HW 05 - Predicting song danceability
This homework is due November 13 at 11:59pm ET.
Getting started
Go to the info5001-fa24 organization on GitHub. Click on the repo with the prefix hw-05. It contains the starter documents you need to complete the homework.
Clone the repo and start a new project in RStudio. See the Lab 0 instructions for details on cloning a repo and starting a new R project.
Workflow + formatting
Make sure to
- Update author name on your document.
- Label all code chunks informatively and concisely.
- Follow the Tidyverse code style guidelines.
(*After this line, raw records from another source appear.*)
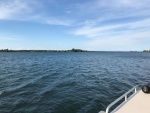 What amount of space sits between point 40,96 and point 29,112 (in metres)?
3.71

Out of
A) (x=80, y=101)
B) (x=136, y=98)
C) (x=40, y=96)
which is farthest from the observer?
(x=40, y=96)

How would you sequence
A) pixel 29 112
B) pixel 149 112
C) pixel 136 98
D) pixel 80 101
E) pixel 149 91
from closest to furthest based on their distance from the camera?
pixel 149 112
pixel 136 98
pixel 149 91
pixel 29 112
pixel 80 101

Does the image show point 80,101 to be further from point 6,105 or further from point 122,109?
point 122,109

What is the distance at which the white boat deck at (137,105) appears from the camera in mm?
6125

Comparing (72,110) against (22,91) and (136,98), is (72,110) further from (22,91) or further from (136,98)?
(22,91)

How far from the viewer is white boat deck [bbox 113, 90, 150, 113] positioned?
20.1 feet

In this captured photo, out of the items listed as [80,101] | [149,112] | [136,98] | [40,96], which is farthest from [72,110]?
[149,112]

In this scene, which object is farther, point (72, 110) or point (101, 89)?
point (101, 89)

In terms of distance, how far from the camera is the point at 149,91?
314 inches

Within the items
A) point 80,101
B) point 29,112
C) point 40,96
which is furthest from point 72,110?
point 40,96

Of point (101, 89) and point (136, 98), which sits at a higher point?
point (136, 98)

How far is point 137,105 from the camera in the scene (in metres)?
6.66

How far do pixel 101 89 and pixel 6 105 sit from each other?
408 inches

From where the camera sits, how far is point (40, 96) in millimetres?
15609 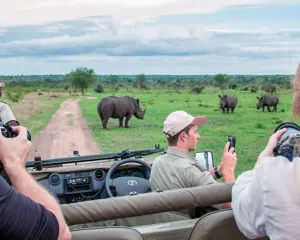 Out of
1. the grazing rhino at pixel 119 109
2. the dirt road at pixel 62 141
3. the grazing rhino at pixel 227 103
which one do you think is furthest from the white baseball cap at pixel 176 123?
the grazing rhino at pixel 227 103

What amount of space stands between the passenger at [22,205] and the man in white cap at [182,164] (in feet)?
4.54

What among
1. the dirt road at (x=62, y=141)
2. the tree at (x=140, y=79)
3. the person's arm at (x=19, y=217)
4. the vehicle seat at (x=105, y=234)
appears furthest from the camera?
the tree at (x=140, y=79)

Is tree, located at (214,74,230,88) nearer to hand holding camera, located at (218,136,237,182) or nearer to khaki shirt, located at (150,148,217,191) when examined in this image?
khaki shirt, located at (150,148,217,191)

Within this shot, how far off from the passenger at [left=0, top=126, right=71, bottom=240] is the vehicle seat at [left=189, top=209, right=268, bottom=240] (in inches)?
25.5

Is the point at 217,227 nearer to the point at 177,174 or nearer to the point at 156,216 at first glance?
the point at 156,216

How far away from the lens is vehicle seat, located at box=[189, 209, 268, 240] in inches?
78.9

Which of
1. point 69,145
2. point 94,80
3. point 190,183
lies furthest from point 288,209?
point 94,80

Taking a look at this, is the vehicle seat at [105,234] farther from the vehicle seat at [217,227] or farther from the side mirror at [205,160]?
the side mirror at [205,160]

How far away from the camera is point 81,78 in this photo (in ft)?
209

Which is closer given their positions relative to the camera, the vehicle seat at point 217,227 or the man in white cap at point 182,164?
the vehicle seat at point 217,227

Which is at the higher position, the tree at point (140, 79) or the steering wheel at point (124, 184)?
the steering wheel at point (124, 184)

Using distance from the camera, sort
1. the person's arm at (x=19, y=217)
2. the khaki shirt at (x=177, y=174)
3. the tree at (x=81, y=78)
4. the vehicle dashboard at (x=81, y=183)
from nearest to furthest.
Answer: the person's arm at (x=19, y=217)
the khaki shirt at (x=177, y=174)
the vehicle dashboard at (x=81, y=183)
the tree at (x=81, y=78)

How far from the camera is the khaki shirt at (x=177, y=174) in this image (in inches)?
113

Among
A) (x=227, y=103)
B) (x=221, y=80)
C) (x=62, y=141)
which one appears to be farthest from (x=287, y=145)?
(x=221, y=80) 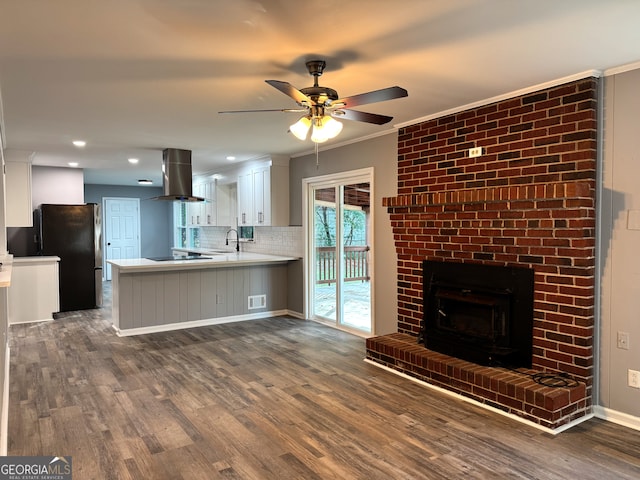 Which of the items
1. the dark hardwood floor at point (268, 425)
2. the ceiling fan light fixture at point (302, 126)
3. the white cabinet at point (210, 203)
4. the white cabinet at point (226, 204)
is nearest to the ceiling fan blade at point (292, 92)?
the ceiling fan light fixture at point (302, 126)

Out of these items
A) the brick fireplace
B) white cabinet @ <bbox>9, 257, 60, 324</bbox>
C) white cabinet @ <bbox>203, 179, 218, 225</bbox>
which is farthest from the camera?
white cabinet @ <bbox>203, 179, 218, 225</bbox>

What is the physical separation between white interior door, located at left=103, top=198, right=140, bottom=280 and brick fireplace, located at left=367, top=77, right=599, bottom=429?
8.29 meters

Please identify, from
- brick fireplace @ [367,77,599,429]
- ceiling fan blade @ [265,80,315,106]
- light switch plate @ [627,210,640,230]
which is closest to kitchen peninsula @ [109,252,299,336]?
brick fireplace @ [367,77,599,429]

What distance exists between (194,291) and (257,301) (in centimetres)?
95

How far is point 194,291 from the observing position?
581cm

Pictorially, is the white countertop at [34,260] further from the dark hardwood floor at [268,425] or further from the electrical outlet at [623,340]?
the electrical outlet at [623,340]

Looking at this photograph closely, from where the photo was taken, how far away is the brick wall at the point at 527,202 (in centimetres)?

- Make at least 3 commits.
- Resize figures where needed, avoid tiny or huge plots.
- Use informative labels for plot axes, titles, etc.
- Consider aesthetic choices such as color, legend position, etc.
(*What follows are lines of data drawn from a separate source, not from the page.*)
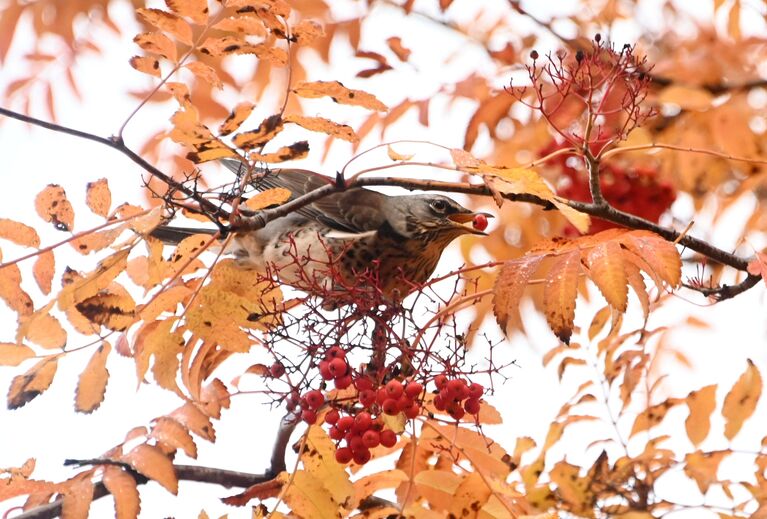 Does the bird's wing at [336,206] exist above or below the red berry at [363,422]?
above

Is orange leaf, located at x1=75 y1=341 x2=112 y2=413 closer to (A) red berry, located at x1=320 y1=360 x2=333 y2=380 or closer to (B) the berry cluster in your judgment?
(A) red berry, located at x1=320 y1=360 x2=333 y2=380

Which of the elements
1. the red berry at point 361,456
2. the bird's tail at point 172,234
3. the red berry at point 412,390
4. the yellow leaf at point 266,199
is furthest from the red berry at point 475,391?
the bird's tail at point 172,234

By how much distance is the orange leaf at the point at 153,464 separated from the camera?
196cm

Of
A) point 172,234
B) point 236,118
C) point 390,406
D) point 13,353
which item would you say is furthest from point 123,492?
point 172,234

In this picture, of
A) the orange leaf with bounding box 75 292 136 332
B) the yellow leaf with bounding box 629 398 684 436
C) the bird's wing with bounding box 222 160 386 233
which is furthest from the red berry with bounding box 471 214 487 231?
the orange leaf with bounding box 75 292 136 332

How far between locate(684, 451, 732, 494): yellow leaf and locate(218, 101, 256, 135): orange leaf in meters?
1.51

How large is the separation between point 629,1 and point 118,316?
2968mm

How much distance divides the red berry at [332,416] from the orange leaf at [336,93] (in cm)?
69

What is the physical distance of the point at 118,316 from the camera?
1.85 meters

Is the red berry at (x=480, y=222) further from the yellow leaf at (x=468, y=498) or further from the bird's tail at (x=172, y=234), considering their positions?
the yellow leaf at (x=468, y=498)

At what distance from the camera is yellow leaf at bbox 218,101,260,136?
6.10ft

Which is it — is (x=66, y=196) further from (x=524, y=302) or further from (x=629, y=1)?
(x=629, y=1)

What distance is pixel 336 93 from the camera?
190 centimetres

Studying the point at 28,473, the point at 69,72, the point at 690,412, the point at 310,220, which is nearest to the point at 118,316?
the point at 28,473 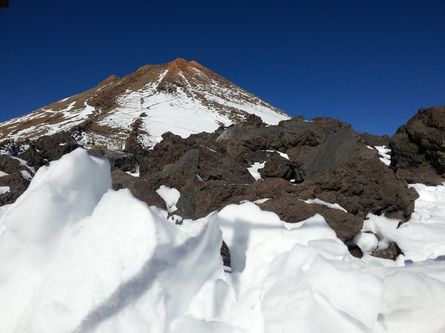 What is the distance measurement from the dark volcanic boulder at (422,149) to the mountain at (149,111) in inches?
843

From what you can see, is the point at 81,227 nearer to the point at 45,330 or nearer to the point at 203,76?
the point at 45,330

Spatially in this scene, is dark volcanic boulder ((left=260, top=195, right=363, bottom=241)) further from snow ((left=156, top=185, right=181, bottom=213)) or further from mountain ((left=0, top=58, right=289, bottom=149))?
mountain ((left=0, top=58, right=289, bottom=149))

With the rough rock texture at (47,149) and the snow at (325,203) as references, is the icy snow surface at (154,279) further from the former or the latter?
the rough rock texture at (47,149)

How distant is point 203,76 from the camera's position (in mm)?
76500

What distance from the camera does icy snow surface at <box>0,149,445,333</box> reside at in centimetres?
244

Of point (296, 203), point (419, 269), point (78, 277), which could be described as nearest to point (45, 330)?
point (78, 277)

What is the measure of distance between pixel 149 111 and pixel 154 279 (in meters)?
47.3

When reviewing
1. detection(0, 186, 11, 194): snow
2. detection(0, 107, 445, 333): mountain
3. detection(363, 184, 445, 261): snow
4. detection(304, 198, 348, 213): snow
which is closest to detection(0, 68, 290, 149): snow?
detection(0, 186, 11, 194): snow

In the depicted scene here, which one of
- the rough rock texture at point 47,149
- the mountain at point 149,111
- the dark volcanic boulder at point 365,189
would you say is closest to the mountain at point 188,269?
the dark volcanic boulder at point 365,189

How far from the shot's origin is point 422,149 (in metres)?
11.5

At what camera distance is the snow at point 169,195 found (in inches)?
269

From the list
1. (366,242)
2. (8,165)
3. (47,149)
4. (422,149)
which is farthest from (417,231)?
(47,149)

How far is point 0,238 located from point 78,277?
2.40 ft

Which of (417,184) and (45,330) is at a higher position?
(417,184) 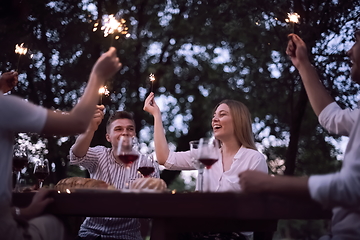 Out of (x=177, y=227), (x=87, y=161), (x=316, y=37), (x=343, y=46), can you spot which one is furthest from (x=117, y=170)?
(x=343, y=46)

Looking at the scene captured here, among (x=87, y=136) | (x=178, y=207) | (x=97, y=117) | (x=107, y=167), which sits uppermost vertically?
(x=97, y=117)

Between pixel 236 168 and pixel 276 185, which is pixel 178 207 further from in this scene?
pixel 236 168

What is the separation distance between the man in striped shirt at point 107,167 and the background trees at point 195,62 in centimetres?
297

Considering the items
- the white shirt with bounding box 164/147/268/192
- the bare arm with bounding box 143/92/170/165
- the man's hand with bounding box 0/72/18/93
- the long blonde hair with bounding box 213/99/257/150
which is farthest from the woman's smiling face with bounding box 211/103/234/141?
the man's hand with bounding box 0/72/18/93

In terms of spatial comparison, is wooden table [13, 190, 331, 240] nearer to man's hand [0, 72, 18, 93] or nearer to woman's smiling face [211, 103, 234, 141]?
man's hand [0, 72, 18, 93]

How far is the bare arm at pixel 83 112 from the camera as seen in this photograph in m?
1.97

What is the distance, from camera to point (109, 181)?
12.9ft

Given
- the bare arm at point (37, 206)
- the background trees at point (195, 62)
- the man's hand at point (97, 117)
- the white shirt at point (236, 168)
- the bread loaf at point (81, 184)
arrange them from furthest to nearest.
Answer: the background trees at point (195, 62), the man's hand at point (97, 117), the white shirt at point (236, 168), the bread loaf at point (81, 184), the bare arm at point (37, 206)

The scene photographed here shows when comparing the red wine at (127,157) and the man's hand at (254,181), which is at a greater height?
the red wine at (127,157)

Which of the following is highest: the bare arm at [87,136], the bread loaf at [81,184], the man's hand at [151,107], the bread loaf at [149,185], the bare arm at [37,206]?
the man's hand at [151,107]

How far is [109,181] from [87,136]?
574mm

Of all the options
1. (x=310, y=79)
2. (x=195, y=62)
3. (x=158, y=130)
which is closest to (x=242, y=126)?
(x=158, y=130)

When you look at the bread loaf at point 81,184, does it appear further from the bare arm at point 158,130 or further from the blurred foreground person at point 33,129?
the bare arm at point 158,130

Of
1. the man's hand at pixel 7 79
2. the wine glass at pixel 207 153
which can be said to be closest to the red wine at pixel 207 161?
the wine glass at pixel 207 153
- Turn in an organized, well formatted document.
You will estimate a series of machine learning models for this homework assignment. I strongly encourage you to make use of code caching in the Quarto document to decrease the rendering time for the document.
Data and packages
We’ll use the tidyverse and tidymodels packages for this assignment. You are welcome and encouraged to load additional packages if you desire.
In this part, you will estimate a series of machine learning models to predict whether or not a song is “danceable” as determined by Spotify.
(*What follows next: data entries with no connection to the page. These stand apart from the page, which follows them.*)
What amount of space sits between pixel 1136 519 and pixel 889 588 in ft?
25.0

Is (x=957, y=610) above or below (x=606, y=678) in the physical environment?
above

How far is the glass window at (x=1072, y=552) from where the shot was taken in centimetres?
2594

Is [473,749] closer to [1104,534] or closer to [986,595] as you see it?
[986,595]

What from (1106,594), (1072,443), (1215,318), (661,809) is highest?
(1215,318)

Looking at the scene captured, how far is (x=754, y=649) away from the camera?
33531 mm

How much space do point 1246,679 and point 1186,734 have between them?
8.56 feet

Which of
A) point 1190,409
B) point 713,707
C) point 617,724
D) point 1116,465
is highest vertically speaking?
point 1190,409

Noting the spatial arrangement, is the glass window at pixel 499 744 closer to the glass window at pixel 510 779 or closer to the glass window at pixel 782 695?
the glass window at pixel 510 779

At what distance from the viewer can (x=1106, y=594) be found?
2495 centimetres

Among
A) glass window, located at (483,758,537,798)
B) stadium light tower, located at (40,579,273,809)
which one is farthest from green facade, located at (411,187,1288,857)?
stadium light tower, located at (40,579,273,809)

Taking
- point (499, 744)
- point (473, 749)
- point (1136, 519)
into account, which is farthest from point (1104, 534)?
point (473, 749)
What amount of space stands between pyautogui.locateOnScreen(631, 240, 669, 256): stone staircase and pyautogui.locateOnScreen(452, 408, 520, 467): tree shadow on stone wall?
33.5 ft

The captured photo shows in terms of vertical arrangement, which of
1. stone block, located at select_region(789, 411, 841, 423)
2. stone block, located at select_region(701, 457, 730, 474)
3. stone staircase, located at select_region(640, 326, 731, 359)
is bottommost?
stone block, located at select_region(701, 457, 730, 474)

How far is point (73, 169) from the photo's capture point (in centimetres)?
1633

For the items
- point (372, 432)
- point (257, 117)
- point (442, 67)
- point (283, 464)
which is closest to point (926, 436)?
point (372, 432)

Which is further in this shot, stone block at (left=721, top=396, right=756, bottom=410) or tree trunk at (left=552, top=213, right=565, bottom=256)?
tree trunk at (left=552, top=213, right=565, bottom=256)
The source of the data is Spotify and contains detailed song-level data for every song in a playlist created by or liked by the instructor. There are two files in the data
folder:
-
spotify-train.rds
- this contains the training set of observations -
spotify-test.rds
- this contains the test set of observations
We have already split the data into training/test sets for you. You do not need to use initial_split()
to partition the data. Unless otherwise specified, all models should be fit using 10-fold cross-validation.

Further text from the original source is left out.